Festival international d'Hammamet
Publié dans Le Temps le 26 - 07 - 2012


Toujours plus avec Raja Farhat

Pourra t-il, à partir de la technique théâtrale, accéder à la "vraie" nature du combattant suprême ? Pourra- t-il, en tentant cette entreprise, comprendre l'origine de la fascination que Bourguiba a exercée sur la Tunisie et sur son peuple ?
Notre homme/acteur Raja Farhat va donc nouer un dialogue avec Bourguiba. Sa nouvelle création « Bourguiba dernière prison », a été jouée devant des gradins combles occupés par un public aussi nombreux que respectueux de l'effort et du mérite de la représentation. Le spectacle long de deux heures et demie a rassemblé trois personnages : Raja Farhat, tout de blanc vêtu, avec sa chéchia Majidi, incarnant le rôle de Bourguiba dans sa résidence surveillée à Monastir.

Il est accompagné du gouverneur et d'une femme médecin. Raja incarne Bourguiba avec un mimétisme parfait. Il a eu l'audace de remuer le couteau dans la plaie en évoquant l'itinéraire du combattant suprême et de ses compagnons tour à tour dans le Paris des années 20, dans son bagne à Bordj le Bœuf ou encore lors de son retour triomphal au port de La Goulette en juin 1955. Il faut reconnaître que traduire toute cette histoire dans un langage scénique n'a pas été mince affaire. Raja a relevé ce défi avec succès. Il semble possédé par le personnage du combattant suprême ; la ressemblance en est même frappante. Le public a d'ailleurs très vite été conquis.
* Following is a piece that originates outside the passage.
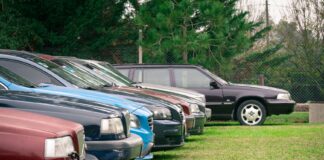 Samochody, w tym Honda Civic, zaparkowane na trawiastym polu na wsi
Une pièce rythmée et dynamique. Au fur et à mesure qu'on avance, la pièce se construit et les histoires se racontent. L'intention de ce travail est de replacer Bourguiba dans sa dimension réelle. Raja a réussi à défendre cette Tunisie de Bourguiba qui est certes petite par sa superficie et sa population, mais grande par son histoire et ses hommes. Cela nous éclaire sur la dimension symbolique du leader tunisien ; le bâtisseur d'une nation moderne, le défenseur de la femme surtout lorsqu' il nous raconte sa rencontre avec Boumediene et ce fameux épisode de l'interdiction de la polygamie et la lutte pour l'émancipation et l'éducation des femmes tunisiennes. La pièce ne s'arrête pas là, elle invite le public à découvrir cette personnalité surtout lors de sa vie avec son épouse Matilde, sa rencontre avec le Président américain Kennedy à Washington où il le supplie de soutenir son combat pour l'éducation de son peuple.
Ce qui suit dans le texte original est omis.